Despite the economic battering a huge segment of U.S. consumers suffered in the aftermath of the Great Recession, a new survey suggests they still have their eye on traditional financial goals.
TD Bank commissioned a survey of U.S. consumers, quizzing them on which economic milestones they hope to achieve. The number one dream for just about everyone is living debt-free.
The survey found that 61% long to get out of debt, valuing that milestone even more than owning a home and having an emergence savings account.
But about one-third of consumers in the survey considered investing an important milestone, suggesting they aren't quite sure how to go about reaching their financial goals.
Doesn't happen overnight
"Financial success is not something that happens overnight—it takes time and planning," Andrea Johnson, TD Bank's head of financial education, said in a release. "When consumers build a solid foundation with a realistic budget and savings plan, they can reach their goals."

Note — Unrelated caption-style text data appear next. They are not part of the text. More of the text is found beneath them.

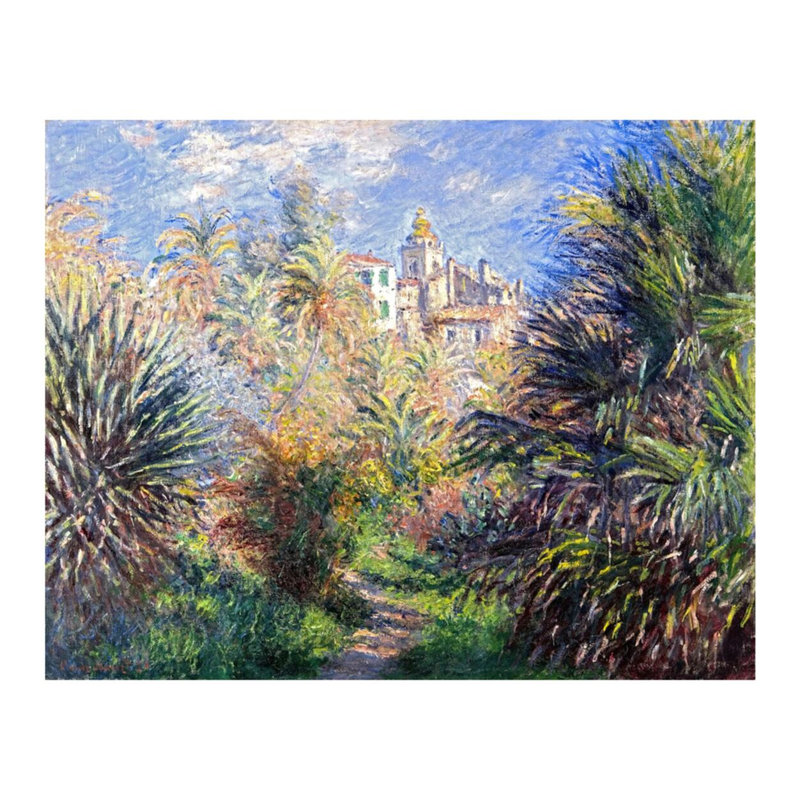 Jardins de la Villa Moreno Bordviera par Claude Monet - Estampe numérique, H 16 po x l 20 po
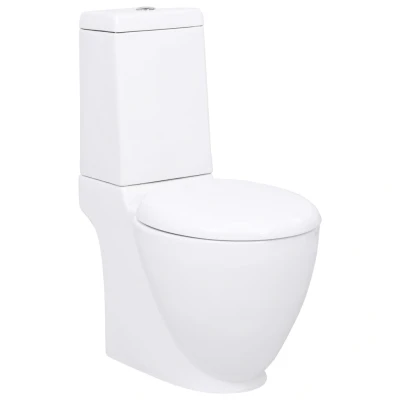 Afbeelding van Toilet met afvoer achter keramiek wit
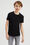 Jongens basic T-shirt met ronde hals, 2-pack, Zwart
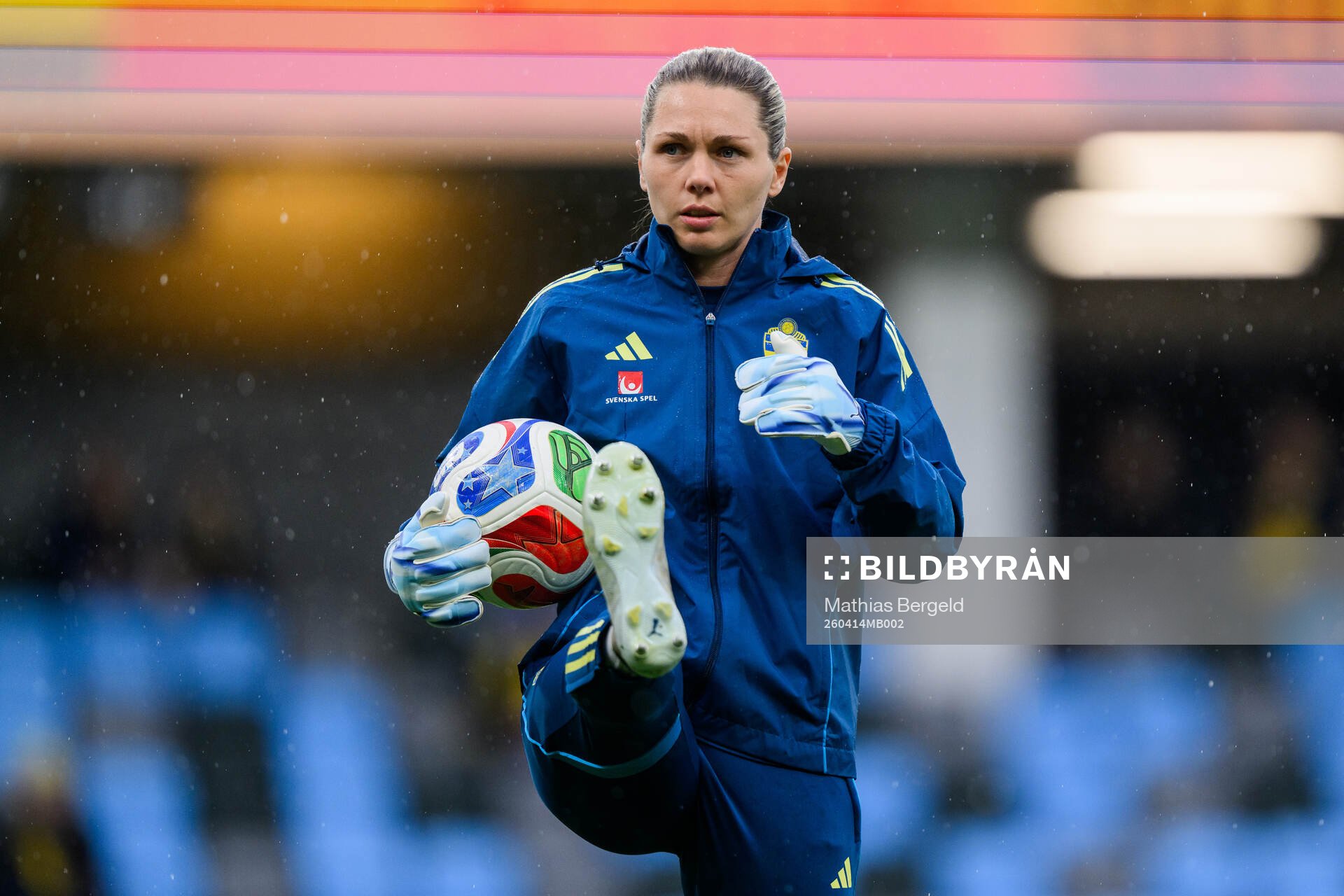 goalkeeper Jennifer Falk of Sweden
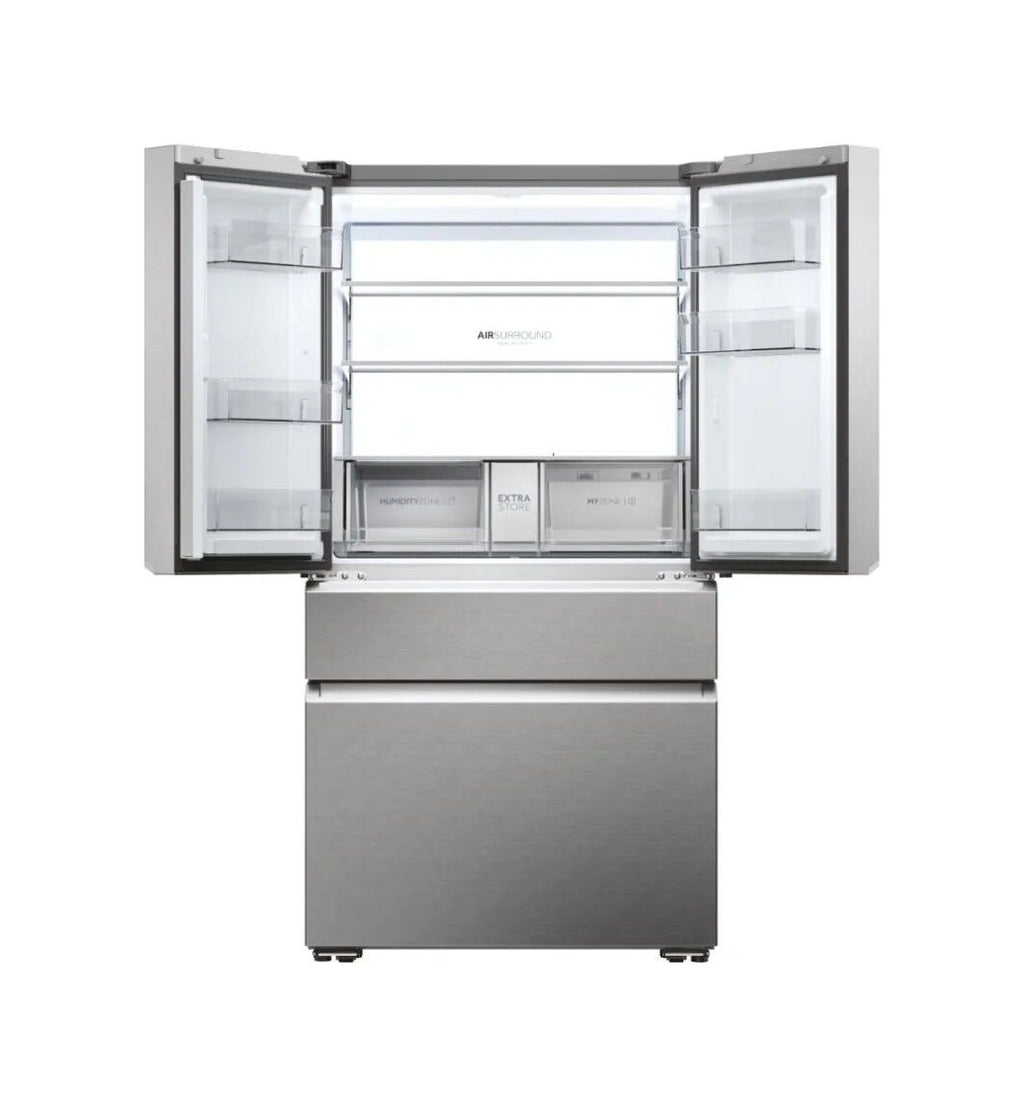 Haier HFW7918ENMP 7 Pro Frigorifero con congelatore a libera installazione french door - cm. 91 h. 178 - lt. 629 - inox platino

When consumers say they don't think they are reaching their financial goals, they are most likely to say that living paycheck-to-paycheck is the reason. Other reasons include huge balances of credit card and student loan debt.
Johnson says Millennials have unfairly earned a reputation for being less financially responsible than previous generations. She says the opposite is true. They may put off traditional milestones like marriage and having children, but when it comes to finances, they have more in common with their grandparents than their parents.
When asked to articulate their financial philosophy, most Millennials give old fashioned advice; “don't spend what you don't have.” While Baby Boomers tend to follow the financial advice of paid professionals, Millennials tend to do their own research, using online resources.
What the generations have in common is a desire to learn more about finances. Two-thirds of consumers say they've never attended a class on personal finance, but more than 60% expressed a desire to do so.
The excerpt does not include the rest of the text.